Doctors in family not helpful, is this normal?

Wow, does anyone have doctors in your family who offer any wisdom or insight beyond what your doctor provides?  In my experience, the answer is NO and I wonder if they purposely take a hands-off approach? 

The situation is my husband got his diagnosis two weeks ago.  His sister and brother-in-law are both oncologists at a highly regarded hospital a few hours away. The first person my husband called after getting the diagnosis from his doctor was his oncologist-sister.  He took his phone outside and spent 30 minutes talking to her.  He did not tell me what they discussed.  However, he said a few days later that his sister did not know of anyone she would recommend to him even though her hospital is ranked higher than the one we have locally.  He said "she thinks our hospital here is OK, so I guess I'll just stay here."  Is it odd that his sister would not put in any effort to get him into a higher-tanked hospital?      

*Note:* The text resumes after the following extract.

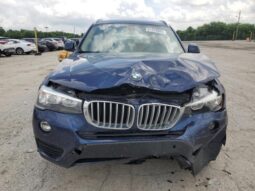 
										2016 BMW X3 full									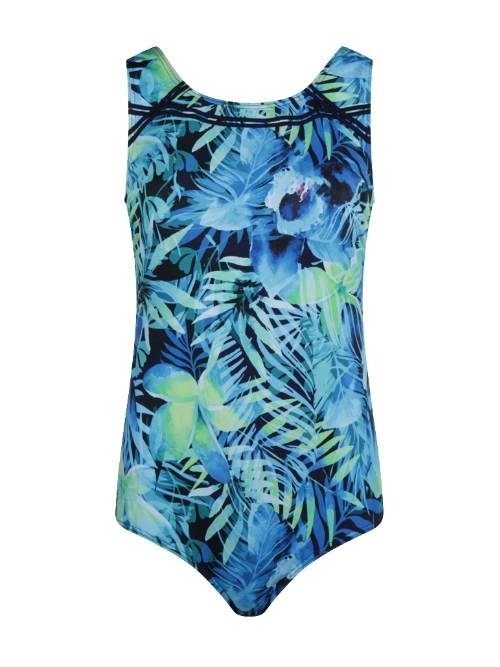 Mila Blue Lagoon aqua maillot de bain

When the test result first showed a "shadow", that they wanted to investigate, his sister told him that it could be nothing.  It turned out to be a tumor.  Her statement seemed wrong.  Is it odd that his sister would not inform him of any liklihood that "shadows" are usually tumors? 

The doctor in the family does not seem to offer anything that non-medically trained people do. 

My in-laws both died of cancer, and it was her as the oncologist in the family who communicated status to the family, and accompanied them to doctor appointments.  Her communications were very general, and I was actually shocked when they passed.  I realized even with all of her "help", they both died shortly after diagnosis.   Shouldn't she have been able to warn the family of what should have been a very obvious terminal condition? 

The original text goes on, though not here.